The African Development Bank – managed Sustainable Energy Fund for Africa (SEFA), has approved a $760,000 grant to Empower New Energy (EmNEW), to develop at least eight small renewable energy projects with capacity ranging from1-10 MW, towards bankability and construction.
EmNEW has regional offices in Kenya and Ghana, with projects expected to unlock up to $500 million in renewable energy investment, reduce CO2 emissions by 320,000 tons, create 20,000 new jobs, and eventually produce 585 GWh of clean electricity.
The grant will support a broad range of project preparation and development activities, including technical feasibility studies, legal due diligence, environmental and social impact assessment, quality assurance and risk management.
Through its Empower Invest fund, EmNEW invests in small and medium-scale renewable energy projects in Africa, with a focus on solar power, hybrid, and hydro technologies.

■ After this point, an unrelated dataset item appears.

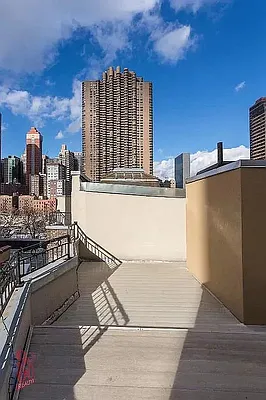 Rented by REAL New York | media 18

Welcoming the approval, Terje Osmundsen, EmNEW’s CEO, said, “We are very excited to be entering into a partnership with the African Development Bank and SEFA. There is a large number of strong small or medium scale projects across Africa that remain unrealised because they can’t access competitive financing. Our approach allows us to bridge this gap and working with SEFA, will help us to accelerate this process and support more high-quality projects. Together, we can bring impactful investment to Africa, while helping the continent to meet its electrification, carbon-reduction, and sustainable development targets.”
The Bank’s support to EmNEW through SEFA is fully aligned with SEFA’s strategy to tackle challenges faced by smaller renewable energy projects in many African countries in accessing financing to cover their initial development costs, the Bank’s Acting Director for Renewable Energy & Energy Efficiency Daniel Schroth noted.
Drawing on high-quality local partnerships in Africa, EmNEW invests in renewable energy projects through competitive equity to small and medium scale projects which helps to reduce the time and resources required to finance projects while delivering environmental and social impact.
“Accelerated deployment of distributed solar power and small hydropower is one of the fastest and most cost-efficient ways to bridge the energy access gap, fight climate change and promote sustainable development in Sub-Saharan Africa,” said Wale Shonibare, the Bank’s Acting Vice President for Power, Energy, Climate and Green Growth.